▶ **SUPPLIED INFORMATION**:
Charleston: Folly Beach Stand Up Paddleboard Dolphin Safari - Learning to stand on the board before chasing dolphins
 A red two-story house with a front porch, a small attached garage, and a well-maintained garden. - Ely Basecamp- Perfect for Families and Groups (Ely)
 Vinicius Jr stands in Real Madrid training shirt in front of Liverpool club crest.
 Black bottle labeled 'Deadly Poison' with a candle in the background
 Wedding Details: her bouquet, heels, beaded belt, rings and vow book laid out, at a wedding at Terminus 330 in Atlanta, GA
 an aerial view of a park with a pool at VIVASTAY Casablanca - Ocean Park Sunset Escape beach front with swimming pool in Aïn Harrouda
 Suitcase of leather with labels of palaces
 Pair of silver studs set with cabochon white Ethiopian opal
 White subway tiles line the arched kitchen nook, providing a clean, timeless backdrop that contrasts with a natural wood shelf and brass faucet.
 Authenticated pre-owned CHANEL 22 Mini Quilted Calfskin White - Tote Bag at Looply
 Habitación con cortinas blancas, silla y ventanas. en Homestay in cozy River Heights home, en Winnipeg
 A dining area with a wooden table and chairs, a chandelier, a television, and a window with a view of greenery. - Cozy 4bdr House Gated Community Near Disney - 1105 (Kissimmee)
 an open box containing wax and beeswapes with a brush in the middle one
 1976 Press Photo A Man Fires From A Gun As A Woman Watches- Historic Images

▶ **PROBLEM DETAILS**: Reproduce, exactly, all the lines shown above.

▶ **RESPONSE BELOW**:
Charleston: Folly Beach Stand Up Paddleboard Dolphin Safari - Learning to stand on the board before chasing dolphins
 A red two-story house with a front porch, a small attached garage, and a well-maintained garden. - Ely Basecamp- Perfect for Families and Groups (Ely)
 Vinicius Jr stands in Real Madrid training shirt in front of Liverpool club crest.
 Black bottle labeled 'Deadly Poison' with a candle in the background
 Wedding Details: her bouquet, heels, beaded belt, rings and vow book laid out, at a wedding at Terminus 330 in Atlanta, GA
 an aerial view of a park with a pool at VIVASTAY Casablanca - Ocean Park Sunset Escape beach front with swimming pool in Aïn Harrouda
 Suitcase of leather with labels of palaces
 Pair of silver studs set with cabochon white Ethiopian opal
 White subway tiles line the arched kitchen nook, providing a clean, timeless backdrop that contrasts with a natural wood shelf and brass faucet.
 Authenticated pre-owned CHANEL 22 Mini Quilted Calfskin White - Tote Bag at Looply
 Habitación con cortinas blancas, silla y ventanas. en Homestay in cozy River Heights home, en Winnipeg
 A dining area with a wooden table and chairs, a chandelier, a television, and a window with a view of greenery. - Cozy 4bdr House Gated Community Near Disney - 1105 (Kissimmee)
 an open box containing wax and beeswapes with a brush in the middle one
 1976 Press Photo A Man Fires From A Gun As A Woman Watches- Historic Images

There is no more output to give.